0
votes

I have a certain use-case, where I'm trying to write around TB's of data in Spanner. We are extracting that data from DynamoDb and exporting that data in bzip2 format in Google Cloud Storage. So Basically we have primary id's in Spanner and we have to ignore already exist rows in Spanner. So I have written the below code to achieve the same.

    Mutation.WriteBuilder mutation = Mutation.newInsertBuilder(spannerTable.get());

I have written insert builder as I don't want to update the existing row in Spanner. Using the below code to write row to Spanner by setting FailureMode.

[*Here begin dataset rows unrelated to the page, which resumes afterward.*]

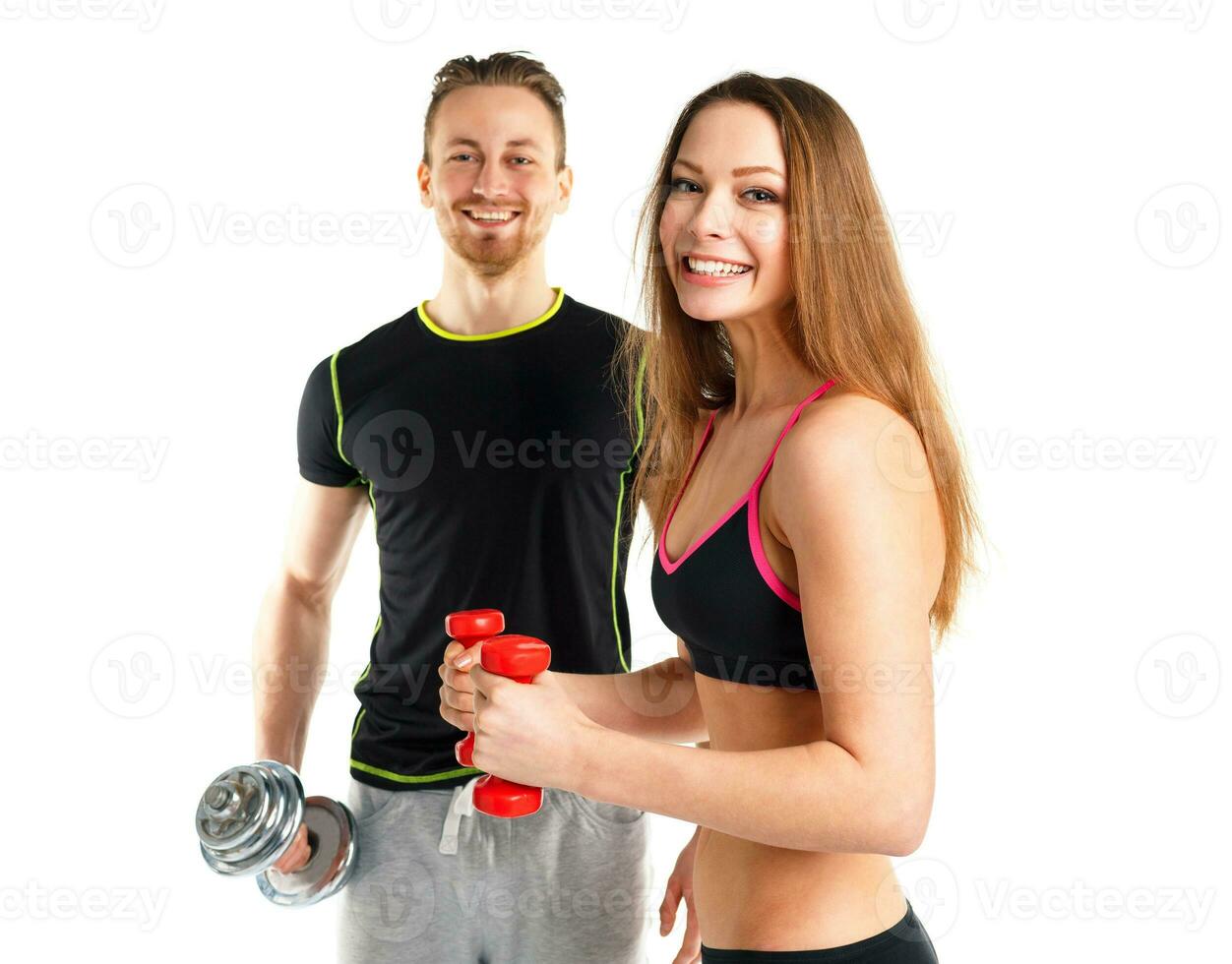 Athletic man and woman with dumbbells on the white photo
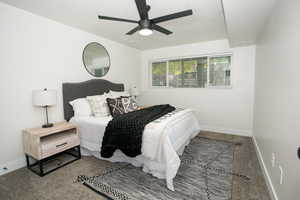 Carpeted bedroom featuring ceiling fan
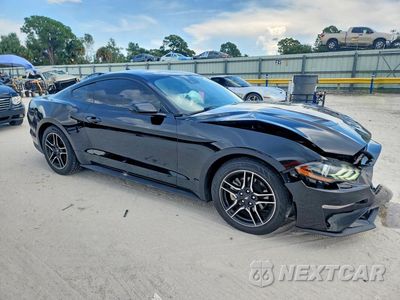 Czwarte zdjęcie samochodu z boku: 2022 FORD MUSTANG VIN:1FA6P8TH5N5147517 - miniatura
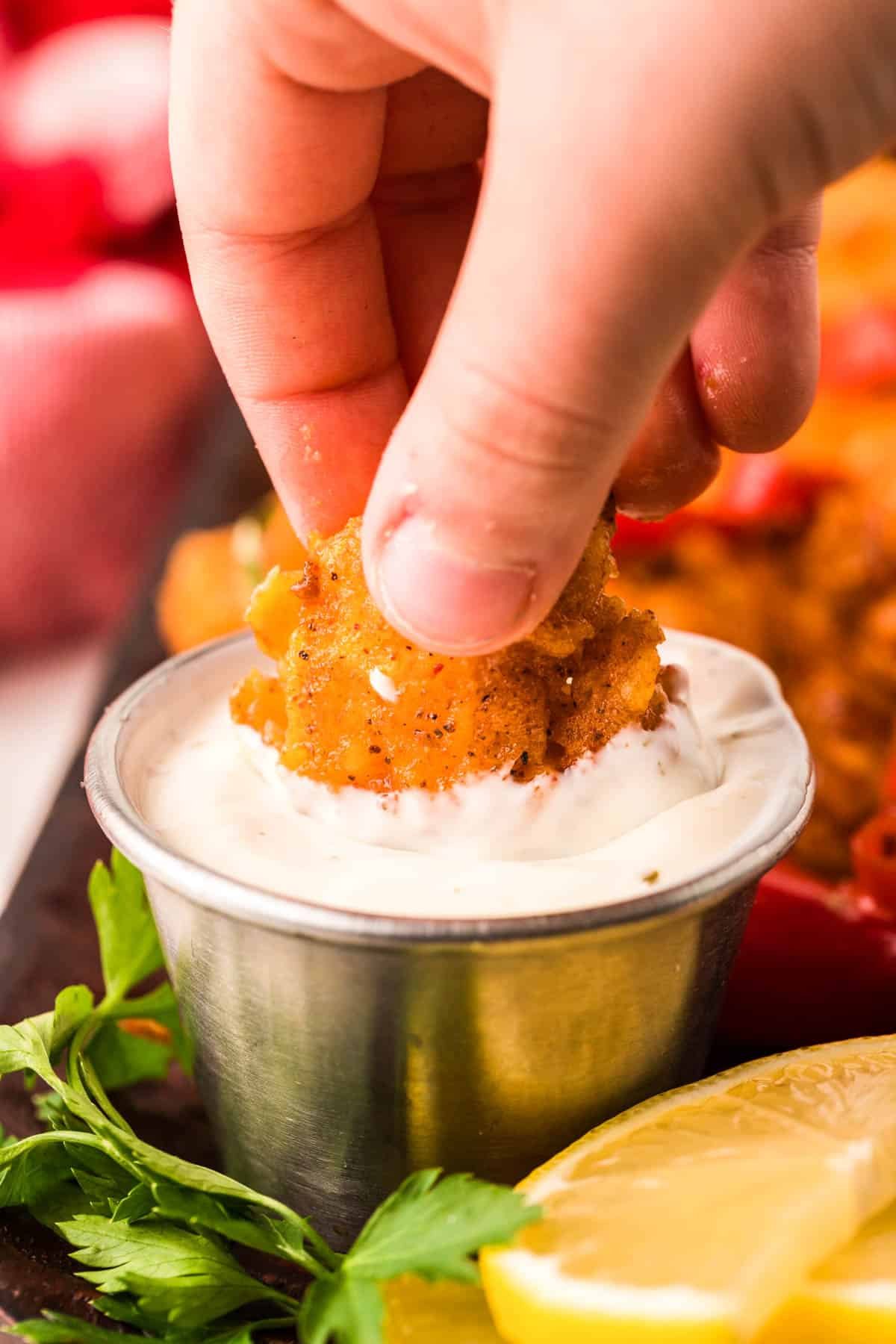 A woman's hand dipping wild west shrimp into ranch dressing.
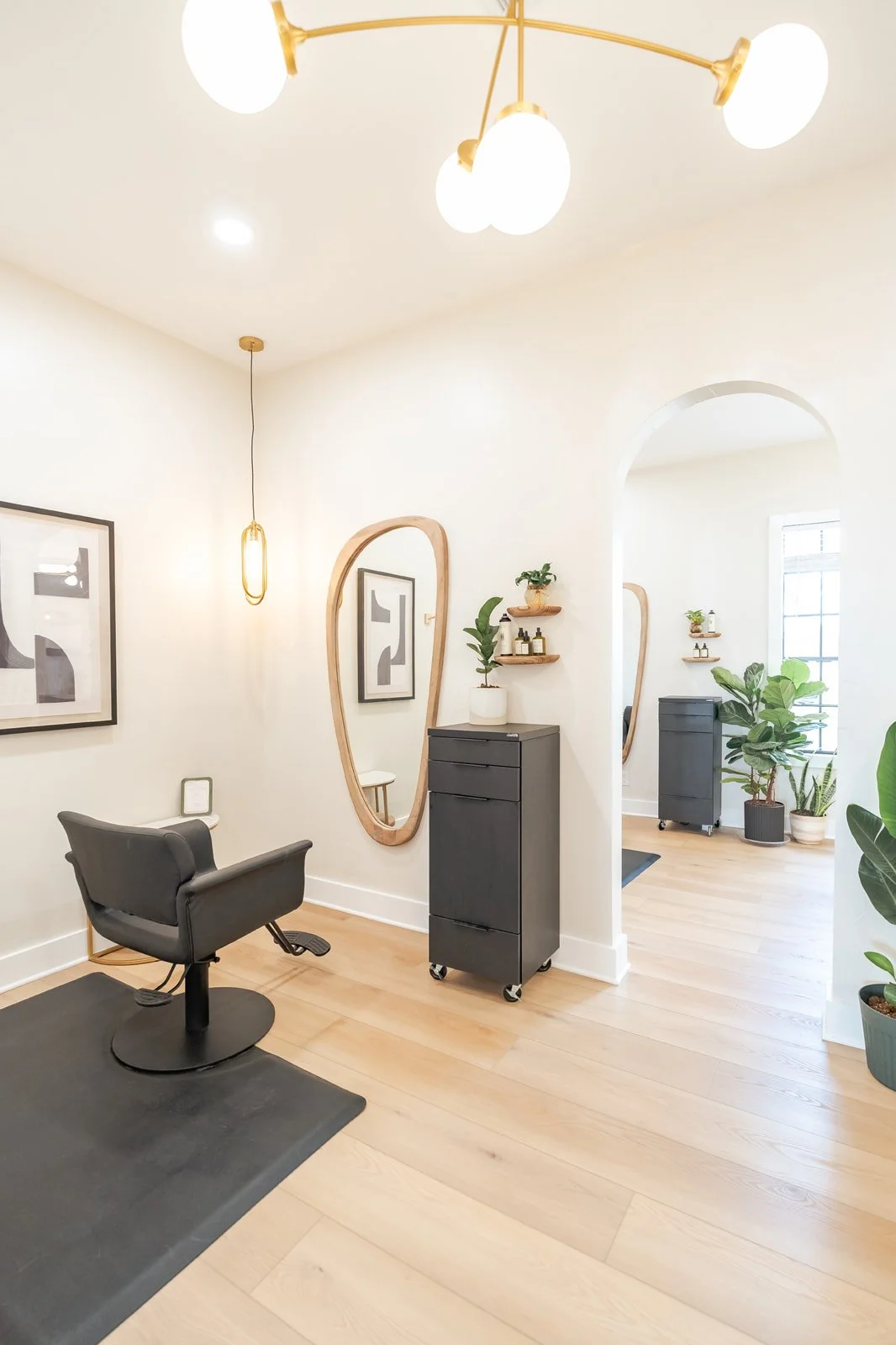 Modern hair salon with black styling chair, large wooden hanging mirror, black rolling storage cart, and potted plants in a bright space with white walls and wood flooring.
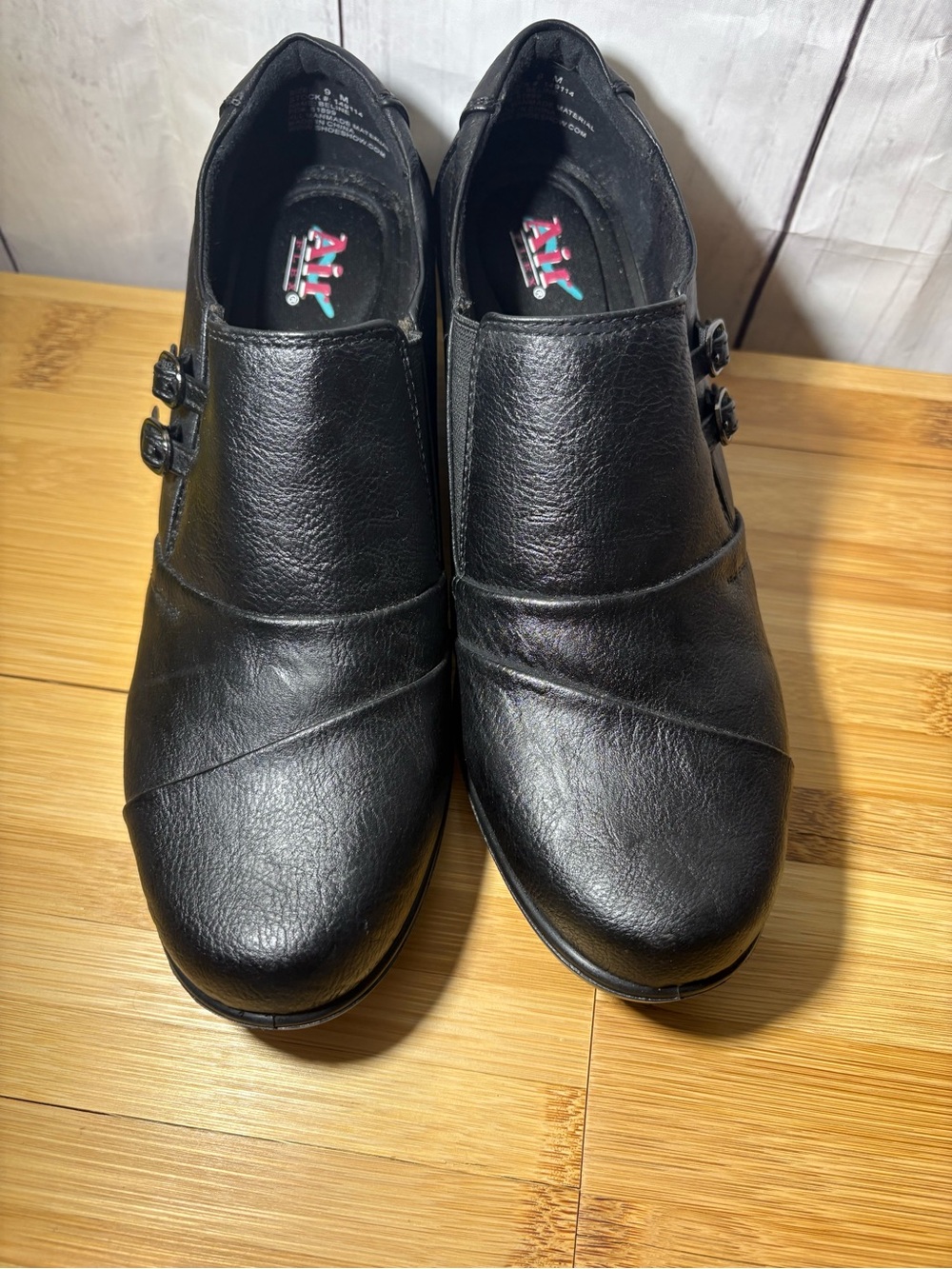 Air Flex Black Slip-On Ankle Booties with Dual Buckle Accent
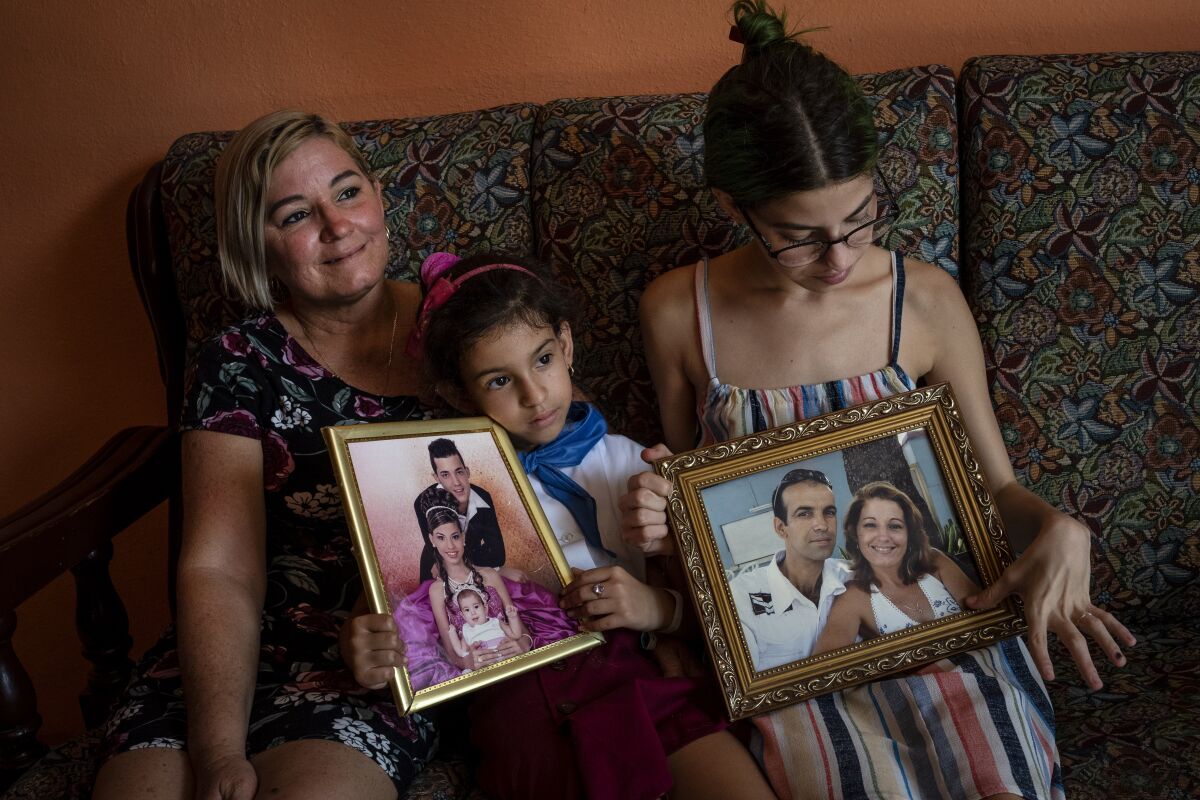 Danmara Triana, left, with her daughters Alice, center, and Claudia, show photos of them with their brother and father who moved to the United States in 2015, at their home in Cienfuegos, Cuba, Thursday, May 19, 2022. Separated families see hope in the measures announced by the U.S. administration of President Joe Biden, but the long wait of years and a web of political interests also makes them skeptical. (AP Photo/Ramon Espinosa)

results2.apply("Write Mutations to Spanner",SpannerIO.write()
                .withInstanceId(spannerInstanceId)
                .withDatabaseId(spannerDatabaseId)
                //.withBatchSizeBytes(2000000)
                //.withMaxNumMutations(maxNumMutations)
                .withFailureMode(FailureMode.REPORT_FAILURES)
                ); 

But the problem with the code is, Dataflow code is retrying the entire batch because of '"ALREADY EXISTS"' Mutation. I can't use FailureMode.FAST_FAIL, because it stops the entire pipeline. I also tried to set the minimal MaxNumMutation to decrease the batch_size(basically to decrease the probability of 'already_exist' record in Mutation batch), but the overall performance hampers. So is there any way I can stop the retry mechanism for 'already exist' mutation record?

1

1 Answers

1
votes

You should use an InsertOrUpdate mutation instead of InsertMutation. That will do exactly what you expect in this case; insert the row if it is not already there, and otherwise update it. In your case, the update will not do anything useful as no values should change, but it will stop your pipeline from breaking.

Example:

    Mutation mutation = Mutation.newInsertOrUpdateBuilder("FOO")
        .set("ID")
        .to(1)
        .set("BAR")
        .to("BAZ")
        .build();

You can also see the previous in the Spanner Official Documentation .